Thursday, March 26, 2009

Excommunicated?

I discovered yesterday as I checked my "Facebook" page that a few of my "friends" dumped me off their lists. I was surprised by my reaction to this occurrence. At first, I felt a twinge upset at the discovery but then I actually felt a little amused. One of my friends (a person I actually see and interact with) had recently had a conversation with me about whether or not it was okay to un-friend someone on Facebook once you have accepted them onto your list. My discovery was proof that it was, at least to some people, perfectly acceptable to do just that.
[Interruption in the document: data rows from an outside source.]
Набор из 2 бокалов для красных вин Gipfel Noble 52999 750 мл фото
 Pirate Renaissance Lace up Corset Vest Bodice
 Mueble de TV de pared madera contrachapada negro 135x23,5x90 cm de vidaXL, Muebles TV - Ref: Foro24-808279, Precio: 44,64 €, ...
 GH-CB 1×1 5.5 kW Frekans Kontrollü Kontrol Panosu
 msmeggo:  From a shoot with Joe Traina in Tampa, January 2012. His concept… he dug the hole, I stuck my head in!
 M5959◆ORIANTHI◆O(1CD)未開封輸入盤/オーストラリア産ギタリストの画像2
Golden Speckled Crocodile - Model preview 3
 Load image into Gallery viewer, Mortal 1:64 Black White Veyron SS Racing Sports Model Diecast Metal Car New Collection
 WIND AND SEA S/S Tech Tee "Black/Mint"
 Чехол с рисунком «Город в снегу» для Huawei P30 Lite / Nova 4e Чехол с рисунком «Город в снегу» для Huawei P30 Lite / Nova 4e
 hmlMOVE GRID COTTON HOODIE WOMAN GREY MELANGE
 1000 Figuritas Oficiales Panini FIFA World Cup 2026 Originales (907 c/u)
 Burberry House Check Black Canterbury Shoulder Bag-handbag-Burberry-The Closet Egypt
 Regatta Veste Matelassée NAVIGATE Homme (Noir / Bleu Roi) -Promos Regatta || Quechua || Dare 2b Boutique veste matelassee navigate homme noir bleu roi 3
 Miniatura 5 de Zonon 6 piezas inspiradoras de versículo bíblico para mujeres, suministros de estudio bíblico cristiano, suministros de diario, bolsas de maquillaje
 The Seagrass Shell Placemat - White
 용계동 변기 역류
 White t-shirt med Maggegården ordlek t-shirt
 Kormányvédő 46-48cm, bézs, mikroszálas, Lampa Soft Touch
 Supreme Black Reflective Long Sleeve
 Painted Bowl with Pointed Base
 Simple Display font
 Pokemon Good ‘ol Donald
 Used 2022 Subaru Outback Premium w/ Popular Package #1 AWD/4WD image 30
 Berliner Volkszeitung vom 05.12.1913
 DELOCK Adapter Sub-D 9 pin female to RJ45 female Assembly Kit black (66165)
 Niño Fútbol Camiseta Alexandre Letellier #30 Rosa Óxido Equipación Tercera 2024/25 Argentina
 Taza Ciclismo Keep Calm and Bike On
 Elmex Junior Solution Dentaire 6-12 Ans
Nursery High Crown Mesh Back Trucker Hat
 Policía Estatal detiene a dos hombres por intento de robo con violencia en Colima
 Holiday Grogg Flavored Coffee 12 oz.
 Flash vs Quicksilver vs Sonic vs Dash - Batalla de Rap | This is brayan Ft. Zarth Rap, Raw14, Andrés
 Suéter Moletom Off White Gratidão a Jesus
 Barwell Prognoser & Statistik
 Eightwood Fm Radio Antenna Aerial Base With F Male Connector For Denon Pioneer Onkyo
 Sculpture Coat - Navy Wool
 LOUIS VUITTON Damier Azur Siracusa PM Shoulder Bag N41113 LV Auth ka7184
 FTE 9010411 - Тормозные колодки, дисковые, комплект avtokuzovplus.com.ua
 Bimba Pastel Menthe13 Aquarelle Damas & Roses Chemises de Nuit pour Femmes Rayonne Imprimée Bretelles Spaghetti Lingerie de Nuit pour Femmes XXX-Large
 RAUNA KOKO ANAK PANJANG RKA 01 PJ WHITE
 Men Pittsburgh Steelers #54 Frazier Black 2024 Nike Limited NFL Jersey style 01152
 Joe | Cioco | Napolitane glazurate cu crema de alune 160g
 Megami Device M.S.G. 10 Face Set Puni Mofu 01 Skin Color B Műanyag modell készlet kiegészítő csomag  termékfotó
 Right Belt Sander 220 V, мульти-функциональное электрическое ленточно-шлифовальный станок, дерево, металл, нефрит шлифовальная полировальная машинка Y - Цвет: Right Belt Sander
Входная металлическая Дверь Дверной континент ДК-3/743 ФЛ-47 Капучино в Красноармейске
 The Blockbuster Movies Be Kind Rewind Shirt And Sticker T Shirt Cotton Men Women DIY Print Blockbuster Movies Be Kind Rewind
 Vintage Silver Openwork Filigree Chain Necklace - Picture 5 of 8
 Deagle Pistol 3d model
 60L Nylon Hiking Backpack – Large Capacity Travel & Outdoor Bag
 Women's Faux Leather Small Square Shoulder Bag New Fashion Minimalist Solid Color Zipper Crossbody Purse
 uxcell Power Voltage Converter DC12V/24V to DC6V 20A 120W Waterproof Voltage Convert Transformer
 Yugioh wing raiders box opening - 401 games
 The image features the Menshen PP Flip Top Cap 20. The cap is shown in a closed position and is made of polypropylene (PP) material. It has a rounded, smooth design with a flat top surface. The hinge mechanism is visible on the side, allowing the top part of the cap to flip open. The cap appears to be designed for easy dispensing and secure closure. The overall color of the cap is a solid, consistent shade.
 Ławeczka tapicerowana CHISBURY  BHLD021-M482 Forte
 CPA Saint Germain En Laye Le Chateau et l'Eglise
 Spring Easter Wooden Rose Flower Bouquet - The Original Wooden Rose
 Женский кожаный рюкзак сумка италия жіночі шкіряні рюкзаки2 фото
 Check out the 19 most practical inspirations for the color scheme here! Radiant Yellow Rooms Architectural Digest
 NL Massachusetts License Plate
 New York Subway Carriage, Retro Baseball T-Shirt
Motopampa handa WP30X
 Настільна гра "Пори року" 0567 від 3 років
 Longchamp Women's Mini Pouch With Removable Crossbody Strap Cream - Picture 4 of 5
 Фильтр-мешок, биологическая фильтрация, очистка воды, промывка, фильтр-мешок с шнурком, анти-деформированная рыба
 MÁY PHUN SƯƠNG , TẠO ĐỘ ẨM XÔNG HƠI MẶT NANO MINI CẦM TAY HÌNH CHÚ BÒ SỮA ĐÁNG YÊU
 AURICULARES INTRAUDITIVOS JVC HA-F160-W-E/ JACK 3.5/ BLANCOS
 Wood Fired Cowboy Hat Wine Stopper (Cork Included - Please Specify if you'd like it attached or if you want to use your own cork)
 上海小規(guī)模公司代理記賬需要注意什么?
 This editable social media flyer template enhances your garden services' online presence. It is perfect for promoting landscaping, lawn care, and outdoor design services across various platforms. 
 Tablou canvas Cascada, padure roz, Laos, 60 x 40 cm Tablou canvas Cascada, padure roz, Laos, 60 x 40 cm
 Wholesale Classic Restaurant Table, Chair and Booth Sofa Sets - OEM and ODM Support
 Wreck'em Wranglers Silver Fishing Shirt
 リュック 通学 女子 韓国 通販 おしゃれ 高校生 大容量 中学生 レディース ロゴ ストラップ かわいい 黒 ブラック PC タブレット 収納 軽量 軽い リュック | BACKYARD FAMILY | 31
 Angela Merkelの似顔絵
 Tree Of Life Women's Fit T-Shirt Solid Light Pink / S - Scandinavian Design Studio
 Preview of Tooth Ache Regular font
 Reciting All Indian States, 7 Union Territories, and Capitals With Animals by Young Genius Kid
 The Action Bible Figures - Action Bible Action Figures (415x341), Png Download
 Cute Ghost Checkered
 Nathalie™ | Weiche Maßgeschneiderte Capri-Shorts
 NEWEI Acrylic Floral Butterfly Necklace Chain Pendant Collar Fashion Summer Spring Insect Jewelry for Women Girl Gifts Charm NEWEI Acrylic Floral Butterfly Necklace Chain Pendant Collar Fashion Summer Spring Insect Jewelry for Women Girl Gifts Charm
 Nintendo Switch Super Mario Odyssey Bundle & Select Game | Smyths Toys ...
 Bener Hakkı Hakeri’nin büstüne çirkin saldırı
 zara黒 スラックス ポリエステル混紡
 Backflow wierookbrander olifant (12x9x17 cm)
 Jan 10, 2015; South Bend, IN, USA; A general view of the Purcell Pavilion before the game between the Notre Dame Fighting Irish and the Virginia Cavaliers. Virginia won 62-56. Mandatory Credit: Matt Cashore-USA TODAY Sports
Now I was amused about my apparent removal from the friend list, both because of its timeliness to my recent conversation and because of many discussions my husband and I have had about Facebook over the last few months. When he and I both joined the world of online socializing we were thrilled with the whole concept. It was so much fun to build our own sites, add our info and pictures, and search the internet for friends and acquaintances we had lost touch with over the years. Tim was able to link up with many friends from high school and college. I, too, found friends from my own high school years whom I hadn’t seen or talked to since graduation. We both signed up with friends we had known when we first started dating each other. I was even able to find people I had gone to elementary school with. People I hadn’t had any contact with for over 20 years, after my family moved several states away following my eighth grade year of school. It was amazing to see those familiar faces show up on my computer screen after so much time. Of course, we all looked a little more mature but part of the fun was seeing the changes and reminiscing online about all the old memories. I was genuinely excited to recover friends I had thought about from time to time but had had no idea how to find.
Despite my excitement and the fun of the initial “oh my goodness, I can’t believe I found you” conversations, the thrill of my discoveries tended to be short-lived. Though I had great intentions of really re-connecting with these wonderful friends from my past, I found it was not as easy as I thought. In fact, after twenty years of separation, there was just too much catching up to do than could realistically be done through an online networking site. I did not know where to begin. Now, if only we could have sat down together over a mocha frappuccino and really talked I suspect the years would have just melted away and we truly could have re-established our friendship. I wanted to really re-connect with so many of those familiar faces but on the computer that is really all they could be- faces from my past and good memories to cherish.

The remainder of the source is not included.